### EXERCISE DESCRIPTION
If a line in the data below contains the word "everyone", copy it out.

### AVAILABLE DATA

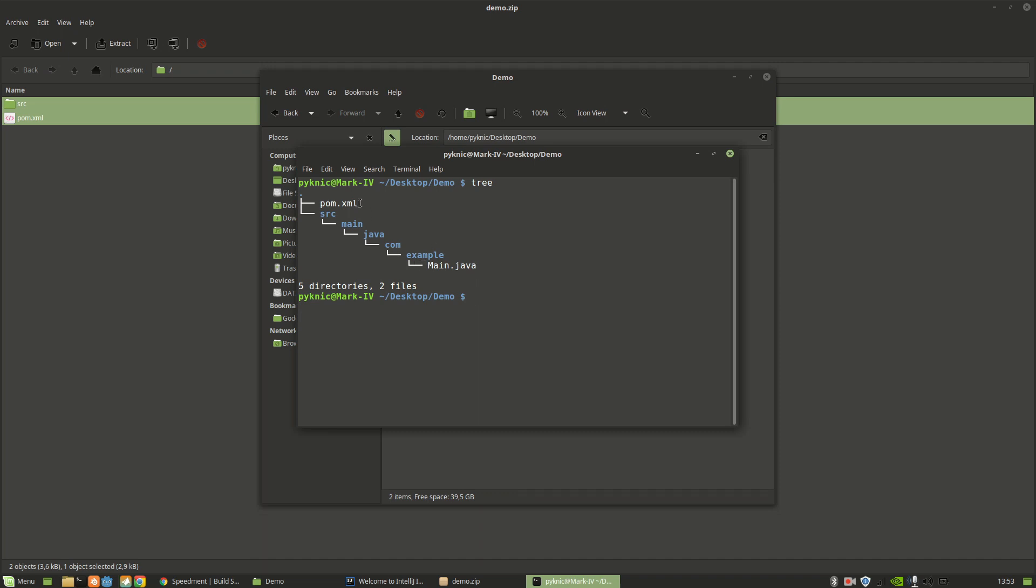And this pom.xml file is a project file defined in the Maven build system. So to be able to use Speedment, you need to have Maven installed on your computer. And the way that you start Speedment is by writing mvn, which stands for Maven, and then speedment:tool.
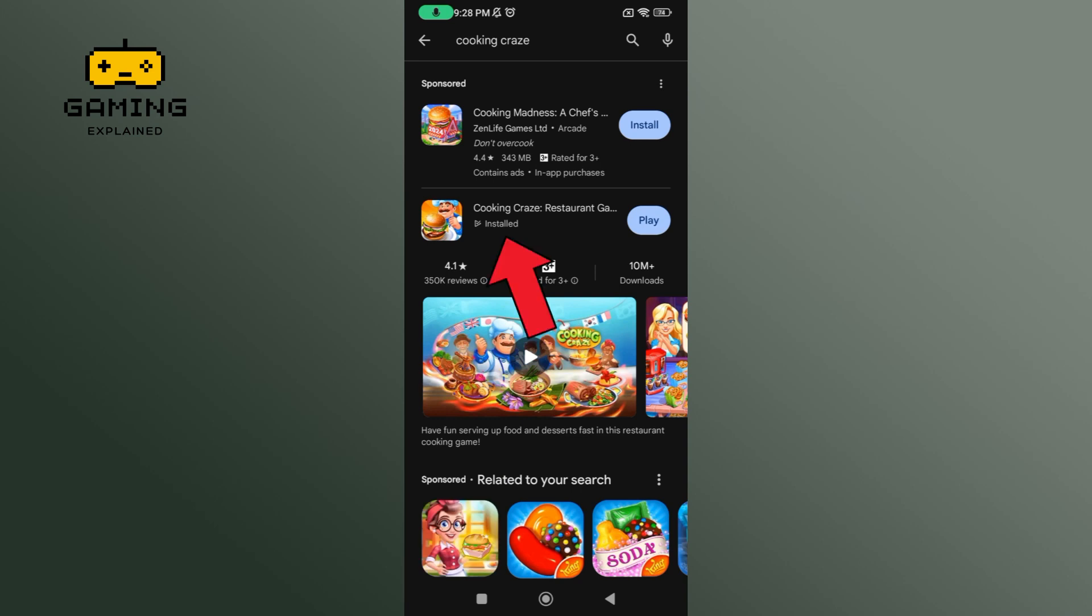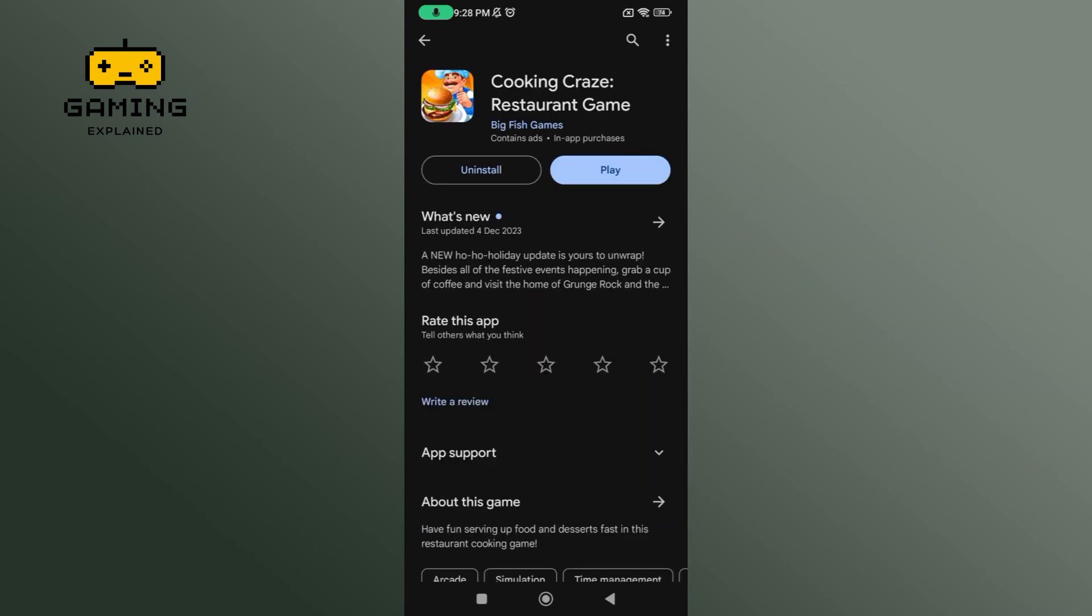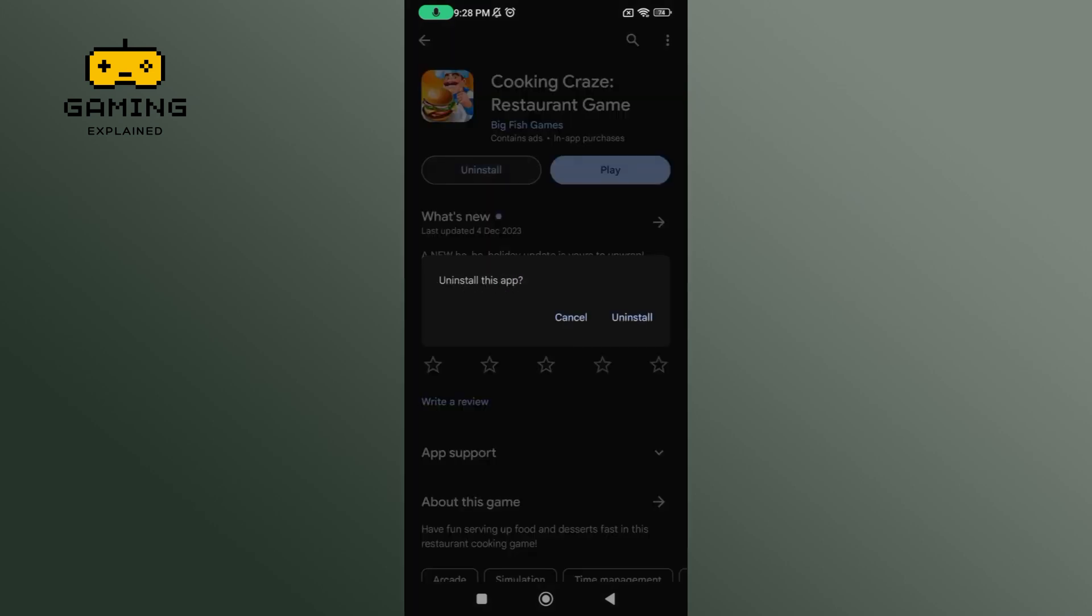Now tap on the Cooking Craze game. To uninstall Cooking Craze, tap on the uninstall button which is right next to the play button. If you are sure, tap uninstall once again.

==

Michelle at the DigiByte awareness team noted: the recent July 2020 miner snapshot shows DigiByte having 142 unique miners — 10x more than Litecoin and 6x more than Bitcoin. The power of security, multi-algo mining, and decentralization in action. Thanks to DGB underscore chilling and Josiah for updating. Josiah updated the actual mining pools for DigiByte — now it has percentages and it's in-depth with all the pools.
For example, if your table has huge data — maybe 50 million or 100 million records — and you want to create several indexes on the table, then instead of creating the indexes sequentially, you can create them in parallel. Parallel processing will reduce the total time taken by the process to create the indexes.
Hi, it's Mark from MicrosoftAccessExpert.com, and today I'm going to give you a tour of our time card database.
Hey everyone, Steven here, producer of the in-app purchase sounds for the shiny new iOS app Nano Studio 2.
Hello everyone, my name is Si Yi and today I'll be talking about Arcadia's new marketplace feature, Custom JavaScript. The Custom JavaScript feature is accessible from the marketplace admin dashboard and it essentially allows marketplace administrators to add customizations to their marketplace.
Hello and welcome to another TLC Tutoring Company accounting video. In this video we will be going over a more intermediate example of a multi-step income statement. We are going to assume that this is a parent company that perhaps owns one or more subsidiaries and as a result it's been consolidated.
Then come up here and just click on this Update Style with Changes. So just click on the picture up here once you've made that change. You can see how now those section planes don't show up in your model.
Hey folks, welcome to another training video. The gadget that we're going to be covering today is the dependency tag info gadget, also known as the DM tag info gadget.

### ANSWER SPACE
Hey everyone, Steven here, producer of the in-app purchase sounds for the shiny new iOS app Nano Studio 2.
Hello everyone, my name is Si Yi and today I'll be talking about Arcadia's new marketplace feature, Custom JavaScript. The Custom JavaScript feature is accessible from the marketplace admin dashboard and it essentially allows marketplace administrators to add customizations to their marketplace.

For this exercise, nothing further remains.